> [Assignment] Pictures aside, write out the data exactly as it reads.
━━ Given material
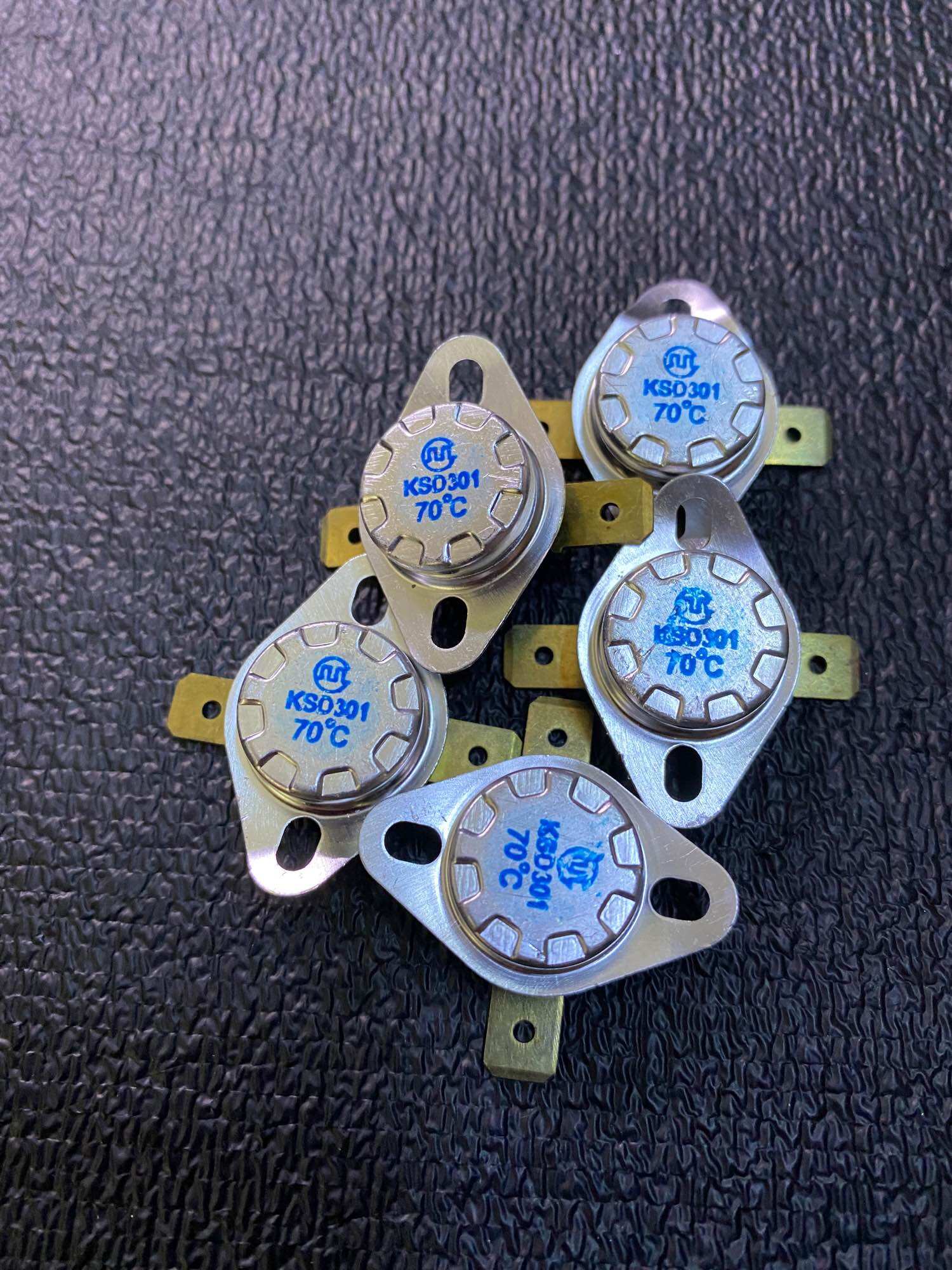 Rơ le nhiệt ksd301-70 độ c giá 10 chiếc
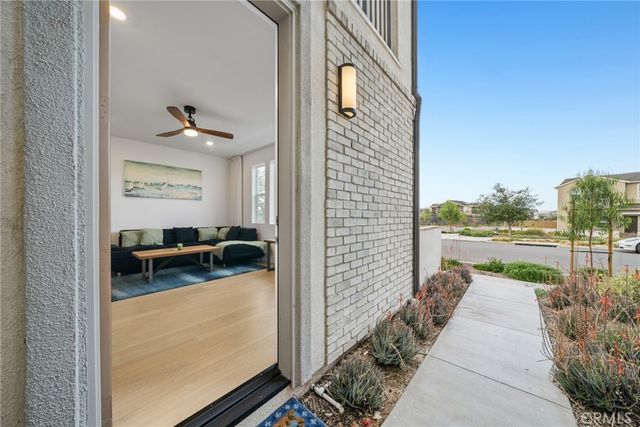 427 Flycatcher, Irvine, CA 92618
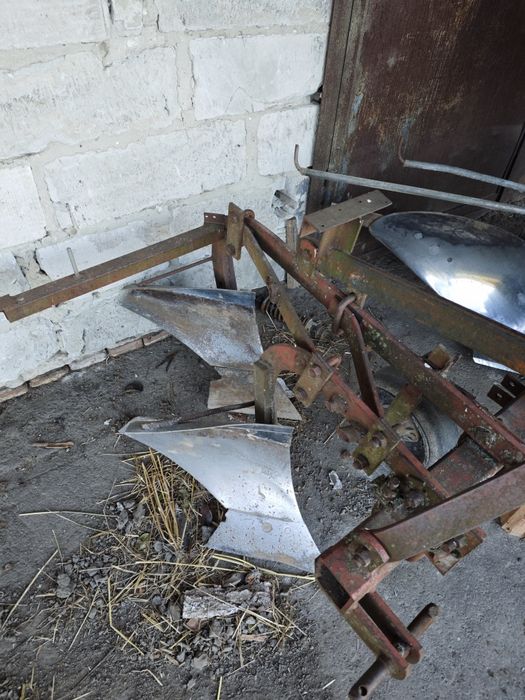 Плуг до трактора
━━━━
> [Answer box]
 Rơ le nhiệt ksd301-70 độ c giá 10 chiếc
 427 Flycatcher, Irvine, CA 92618
 Плуг до трактора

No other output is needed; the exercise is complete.